▶ Exercise description:
Leaving all pictures out, output exactly and only the line containing "Toyota GR Corolla" and the lines that follow it to the end of the material below.

▶ Given data:

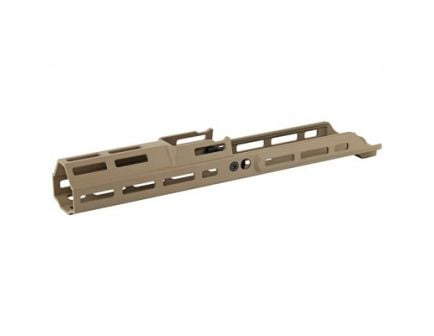 Kinetic Development Group 6.5" SCAR MREX M-Lok MKII Handguard, Flat Dark Earth - MRX5-MK2-120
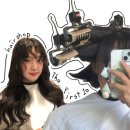 미장원더퍼스트부산대점 | 부산대 미용실] 부산대머리잘하는미용실 ʚ미장원 더...구름펌 (굵은 웨이브펌), 앞머리펌” 솔직 후기 ♡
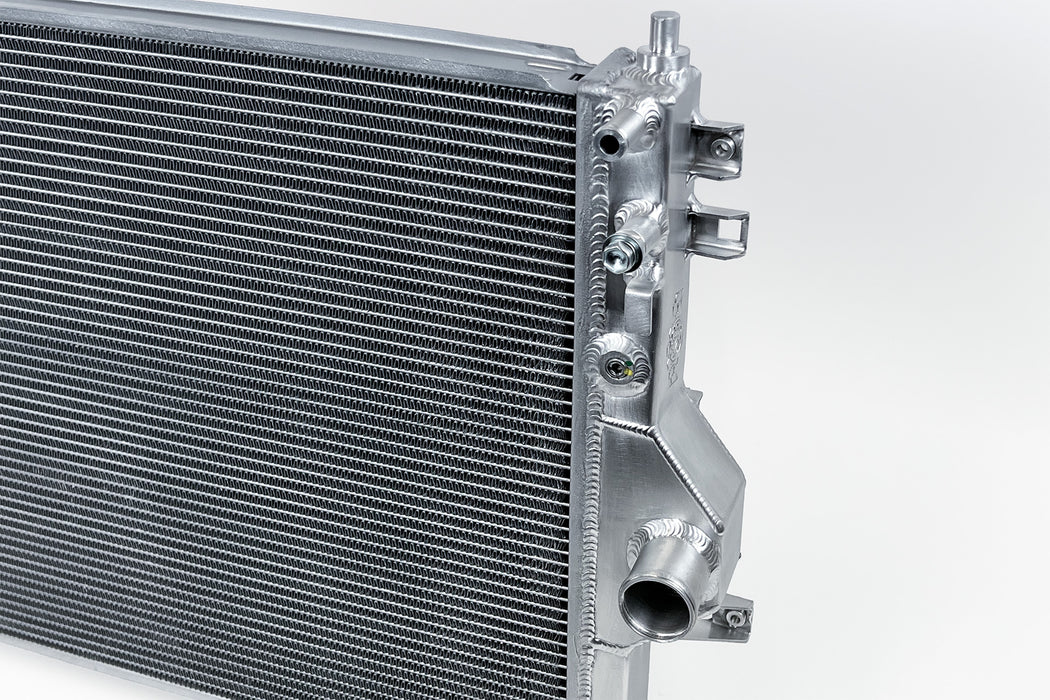 Toyota GR Corolla & GR Yaris High-Performance Radiator Features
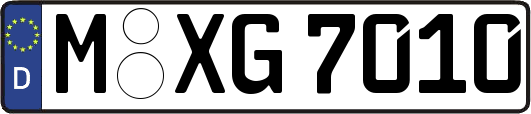M-XG7010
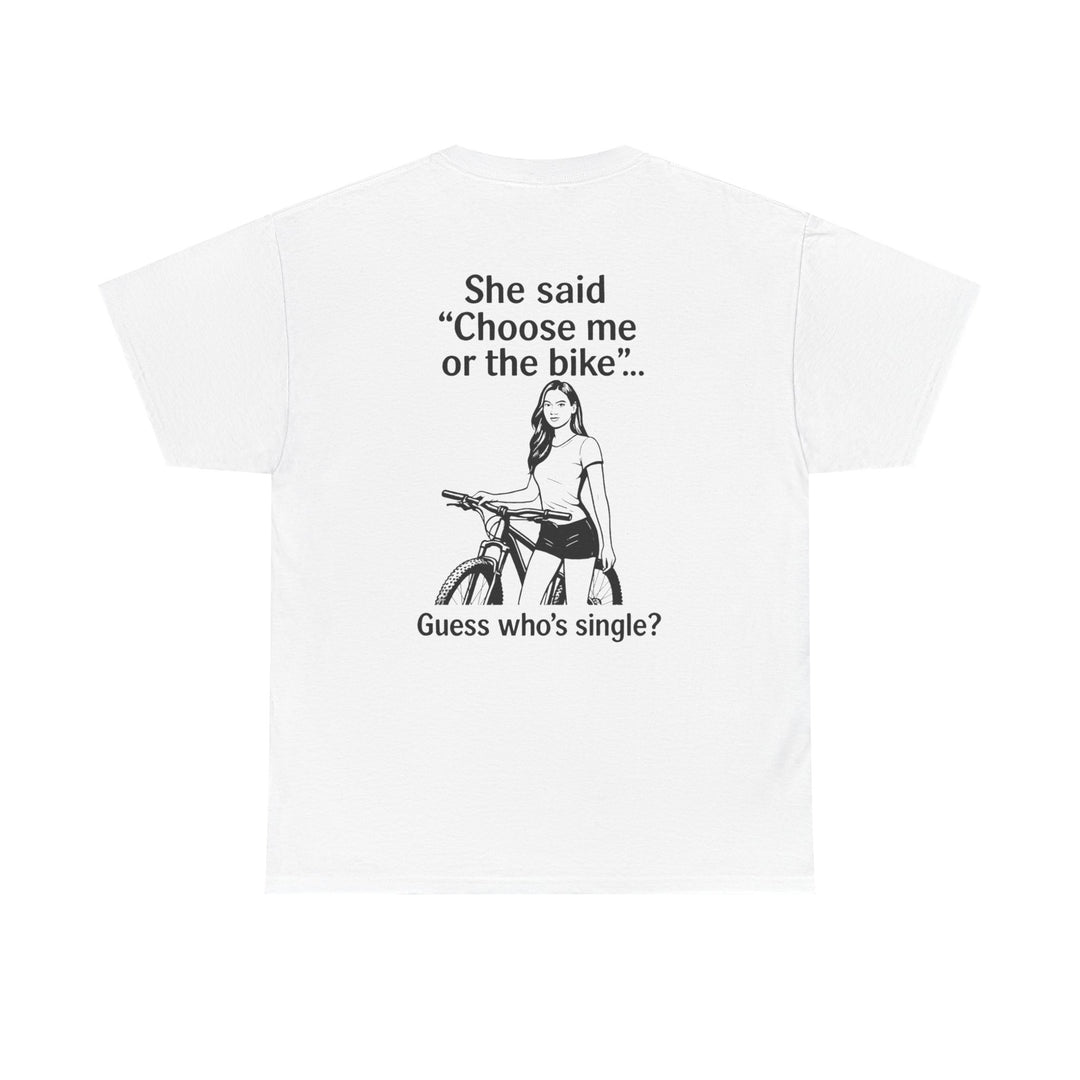 I Love My Bike Shirt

▶ Your solution:
 Toyota GR Corolla & GR Yaris High-Performance Radiator Features
M-XG7010
 I Love My Bike Shirt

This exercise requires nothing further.